I was a hippie before there were hippies: ragged, bearded, long-haired, sleeping where I could, sometimes standing upright in a phone booth or tucked into the chilly sand dunes of San Francisco Bay because I refused to go home to a dysfunctional family. I also wrote Beat poetry and drank beer when I could afford it.
Cinelli and I were almost total opposites when we met at San Francisco State College, but fell in love anyhow. We had our first date on April 1, 1949—a dinner for which she paid—and were married by a Justice of the Peace three months later. We are still together, which many find amazing and she finds miraculous.
I write of it today in response to an email asking about our “perfect” marriage, of which there is no such thing. Given our differences, how could we have married in the first place? Well, she liked my writing and I liked everything about her.

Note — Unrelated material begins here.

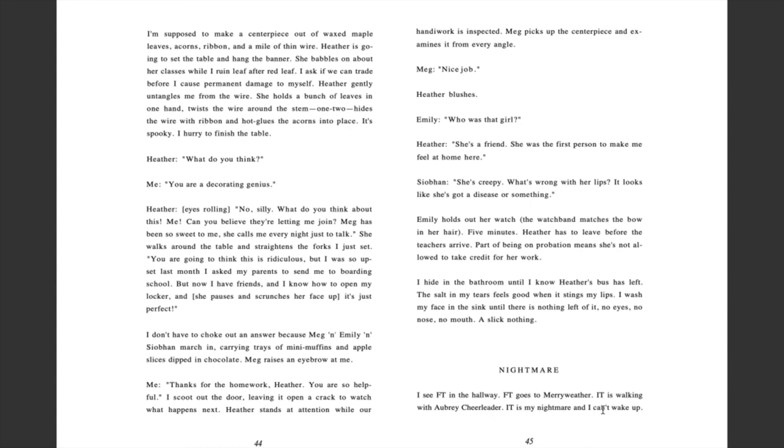Nightmare. I see F.T. in the hallway. F.T. goes to Merriweather. I.T. is walking with Aubrey cheerleader. I.T. is my nightmare and I can't wake up. I.T. sees me. I.T. smiles and winks. Good thing my lips are stitched together or I throw up.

I used to churn out stories and columns for the college newspaper, the Golden Gater, and for a campus literary magazine called Inklings. She is an enormously talented poet who wrote when she could while having our babies and tending to our family of three kids. I threw myself into a career of journalism, television movies, books, blogs and magazine freelancing, sometimes all at the same time.
She was a beautiful 19-year-old and remains a beautiful 83-year-old who could have done a lot better than me. But we are joined at the soul in a manner difficult to explain. We like each other. I am lost when she is not around and while she is not as lost when I’m not around, we enjoy being together, traveling, dining, attending plays or movies, or watching TV. Conversation is our friend, but so is silence.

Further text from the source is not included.